I always go in to a show knowing that I am going to make select young people’s day, and disappoint/humble others as well, simply put, that is just part of the job description. As a judge I live with the outcomes of my decisions at every show, and I can safely say after every show I’ve judged I have felt great about the decisions I have made because I justly selected those animals to place accordingly based on integrity, credibility and quality of the animals. In relation to the article, starting this committee is a blow to our extension agents’ credibility and integrity. Our county agents have selected the judges for shows and projects the past few years and have done so with great integrity. Win or lose, I am confident they can effectively select the right people and maintain the integrity that the 4-H Program demands.
Nonetheless, at the end of the day when a 4-H agent asks me to judge I’m not concerned about how much I will make or who I’m going to make happy/upset, but more so how am I going to positively impact every 4-H member who comes into that ring with a project. That’s what it’s about to me, not about who selected me. I have had the opportunity to network with a majority of folks who are fellow judges, and sure they have even been evaluators at our fair, but I, as an uncle, 4-H leader, livestock judging team coach and livestock show judge can confidently say that a great majority of my colleagues who judge, do so with utmost importance on maintaining the integrity of a livestock show/4-H Program. How we are selected is based upon the quality of our work, not the individuals we pick. I always encourage anyone who is interested to see me judge to feel free to come watch me work and see the integrity I put into a show.
Native of Patriot
Full service grocery
To the Editor:
How about the powers that be (our politicians) approach the executives of Ruler Stores and try to negotiate a deal to obtain a Ruler Store here in Vevay.
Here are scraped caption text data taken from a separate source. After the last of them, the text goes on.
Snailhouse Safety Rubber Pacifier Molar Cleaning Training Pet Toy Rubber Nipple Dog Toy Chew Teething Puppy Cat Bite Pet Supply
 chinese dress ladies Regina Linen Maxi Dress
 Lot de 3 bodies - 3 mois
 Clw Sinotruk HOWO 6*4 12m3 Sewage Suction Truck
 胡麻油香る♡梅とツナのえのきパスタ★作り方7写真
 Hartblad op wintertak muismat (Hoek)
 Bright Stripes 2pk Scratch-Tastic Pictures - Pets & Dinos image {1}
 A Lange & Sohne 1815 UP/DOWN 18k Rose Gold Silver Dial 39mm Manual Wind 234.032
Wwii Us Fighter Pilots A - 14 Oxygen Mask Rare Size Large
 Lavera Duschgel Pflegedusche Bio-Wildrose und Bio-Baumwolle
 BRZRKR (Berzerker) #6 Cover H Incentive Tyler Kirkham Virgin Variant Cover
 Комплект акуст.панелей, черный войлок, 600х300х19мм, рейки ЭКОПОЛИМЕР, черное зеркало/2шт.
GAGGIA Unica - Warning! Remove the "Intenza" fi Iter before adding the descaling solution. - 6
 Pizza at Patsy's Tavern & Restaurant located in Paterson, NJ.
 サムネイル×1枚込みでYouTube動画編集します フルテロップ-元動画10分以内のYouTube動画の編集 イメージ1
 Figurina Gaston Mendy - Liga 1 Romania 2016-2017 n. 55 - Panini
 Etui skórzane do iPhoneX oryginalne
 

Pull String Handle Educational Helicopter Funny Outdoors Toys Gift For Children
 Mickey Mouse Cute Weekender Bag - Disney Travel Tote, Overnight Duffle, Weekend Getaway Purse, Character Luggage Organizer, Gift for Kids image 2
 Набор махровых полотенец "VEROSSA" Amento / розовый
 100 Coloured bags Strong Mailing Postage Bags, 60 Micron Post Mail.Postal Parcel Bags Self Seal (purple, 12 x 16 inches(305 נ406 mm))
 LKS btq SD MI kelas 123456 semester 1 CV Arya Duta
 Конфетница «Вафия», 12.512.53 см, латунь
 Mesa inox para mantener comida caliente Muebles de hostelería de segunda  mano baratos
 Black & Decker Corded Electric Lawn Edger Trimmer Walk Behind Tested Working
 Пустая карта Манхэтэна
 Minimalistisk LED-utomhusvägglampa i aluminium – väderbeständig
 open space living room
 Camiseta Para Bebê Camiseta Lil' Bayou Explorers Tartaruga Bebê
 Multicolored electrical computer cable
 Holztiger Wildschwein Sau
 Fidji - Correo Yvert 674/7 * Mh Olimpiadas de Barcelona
Why Ruler? Their prices are very competitive, instead of a fly by night outfit that would probably fold in a short time.
Rulers’ parent company is the Kroger Company, which is one of the largest companies in the U.S. Possibly our politicians could get together with Belterra and Kroger and offer: Example: 10 year free lease and tax exemption, as an incentive to open a store here. Ruler and Kroger executives are no fools. They will need an outstanding incentive to open a store here. By the way, I have no stock or private interest in Krogers. Just an interest in the hope our citizens can have a reliable full service store.
If you agree call your favorite politicians and let them know how you feel.
Respose to Kip
To the Editor:
In Kip Meyerhoff’s letter to the editor, he seemed to be blaming the Obama “regime” for the financial problems inherited from the previous “regime’s” two major wars and the obscene bailout of Wall Street banks (using taxpayer money) and any other company that bribed (oh, excuse me – I mean contributed to the campaign) of both Obama and Bush.
A quite wealthy man recently was quoted: “There’s class warfare, all right, but it’s my class, the rich class, that’s making war, and we’re winning” (Warren Buffett). This same very wealthy and philanthropic man also was quoted: “He only paid 19 percent of his income for 2006 ($48.1 million) in total federal taxes (due to their being from dividends and capital gains), while his employees paid 33 percent of theirs, despite making much less money. “How can this be right?”, he added.
So, pity the poor 1 percent if you wish, Kip. I am jealous of their tax bracket myself.